◆ **Task requirements**: Every picture should be left out, but the lines below must be repeated exactly.

◆ **Input records**:
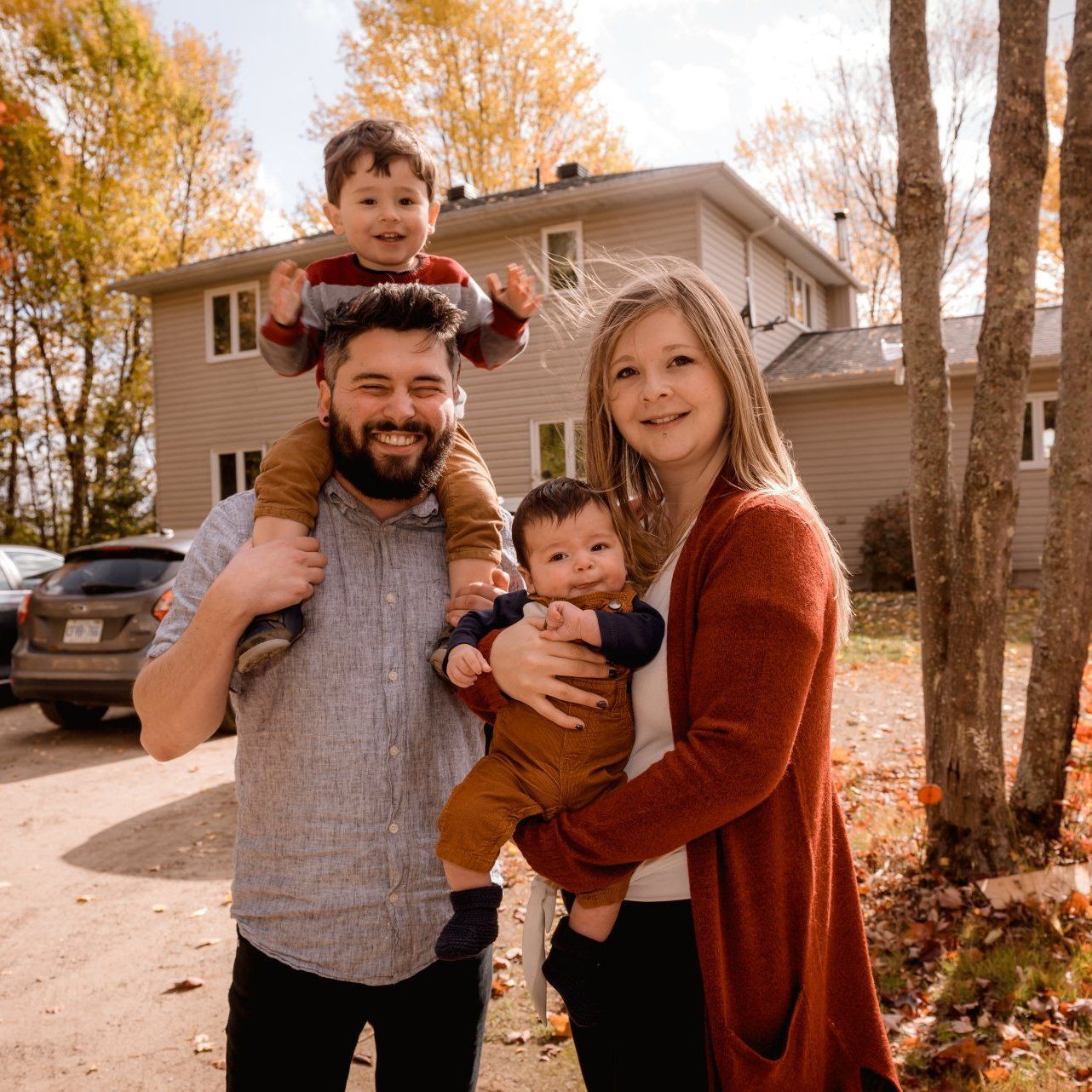 Family of four smiling in front of a house, father carrying a child, other child on his shoulders, fall colors.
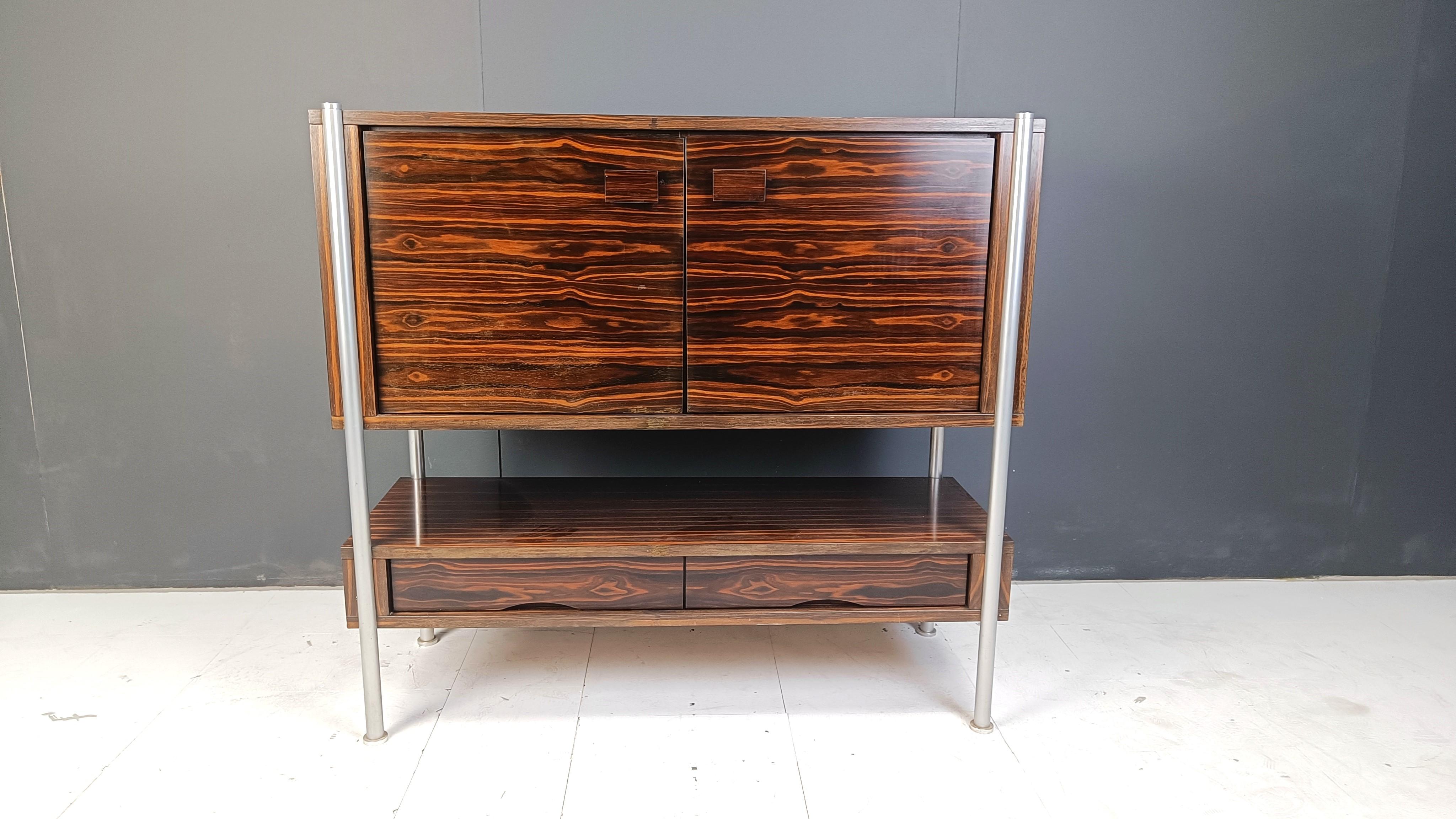 Mid century bar cabinet made from exotic wood veneer.

Beautiful natural wood veining.

2 doors and two drawers, mirrored bar compartment with a glass shelve.

1960s - Belgium

Good condition

Dimensions:
Height: 128cm
Width: 135cm
Depth:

◆ **Answer to the exercise**:
 Family of four smiling in front of a house, father carrying a child, other child on his shoulders, fall colors.
 Mid century bar cabinet made from exotic wood veneer.

Beautiful natural wood veining.

2 doors and two drawers, mirrored bar compartment with a glass shelve.

1960s - Belgium

Good condition

Dimensions:
Height: 128cm
Width: 135cm
Depth:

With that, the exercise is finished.